早いもので、今年もこの季節がやってきました。12月号は、年末恒例のヒット商品特大号です。「2010年ヒット商品ベスト30」では、今年ヒットした商品のランキングをどこよりも早くお届けします。ランキングの決定会議では、実は不思議な現象が起きました。ヒットのパターンがほぼ同じ、という商品がいくつもあったのです。消費者の心を捉えたものには、共通項がありました。さて、それは・・・。
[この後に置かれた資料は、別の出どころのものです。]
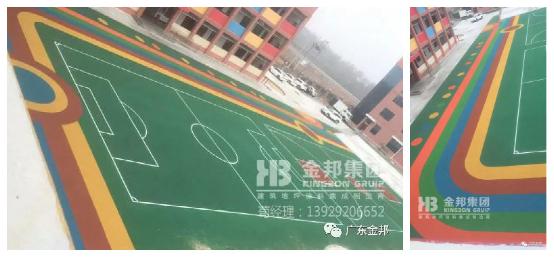 實(shí)力金邦 最新塑膠跑道、球場(chǎng)案例集錦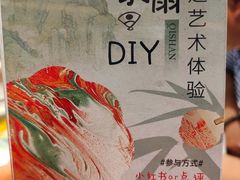 -杉杉奥特莱斯广场(哈尔滨店)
「2011年ヒット予測ランキング」では、来年確実に、はやりそうなものをあらゆるジャンルから集めています。2000年にこの企画がスタートしたときに比べ、当たる確率は、年々上がってきています。今はまだない商品や小さな兆しでしかないサービスなどのヒットを予測していくのでかなり大変な作業です。「モバ美(ビュー)」「アートイカメラ」など、その商品に我々がつけたネーミングにも注目してください。
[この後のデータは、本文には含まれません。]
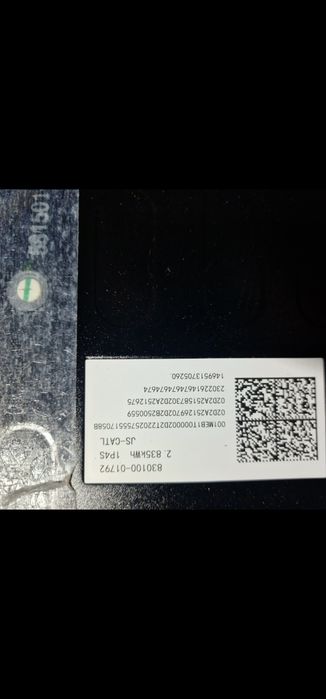 Baterii fotovoltaice kia niro 64 kwh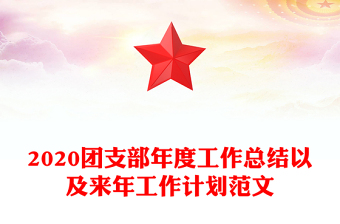 2020团支部年度工作总结以及来年工作计划范文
さらに、今年は、2010年という節目の年。2000年〜2009年の10年間で、弊誌が毎年選んできた合計300個のヒット商品からベスト20を決定。ヒットメーカーなど208人が投票して決めました。こちらも非常に興味深い結果となっています。かつての商品が今につながっているのが、見えてきます。加えて、エコトレンドがわかるエコ別冊もつけました。編集部の血と汗と涙の結晶! 自信作です。どうぞ、ご期待ください。
(日経トレンディ編集長 渡辺敦美)
≪目次詳細≫
【第1特集】
2011年 ヒット予測ランキング
「得するジオゲーム」「モバ美」「新書サイズタブレット」……。地球上に多種多様な生物が存在しているのと同様に、2011年は「モバイル多様性」が注目される年になる。一方、「アートイカメラ」や「チアリーダー飲食店」など一見「キテレツ」だが、「基本性能」のレベルも高い「質実冒険」タイプの商品も売れる。ヒットを生み出すキーワードを探った結果、2011年に売れる製品・サービスが見えた。
【第2特集】
2010年 ヒット商品ベスト30
潮目が変わった。エコカー補助金が終わり、家電エコポイントも縮小……2010年は国策ヒットが影を潜めた。安いだけでも売れず、むしろヒット商品に共通したのは、身近な物にちょっとした「付加価値」を持たせた点。3D映画、プレミアムロールケーキ、ポケット ドルツ……消費の低迷が続く半面、「節約疲れ」が見え隠れする。一方、業界のガリバーは相次いで「追随商品」を投入。食べるラー油やスマートフォンなどを力技で売った。まだまだ財布のひもが固いなか、消費者の購買意欲を喚起したヒット商品の数々を分析し、2010年を総括する。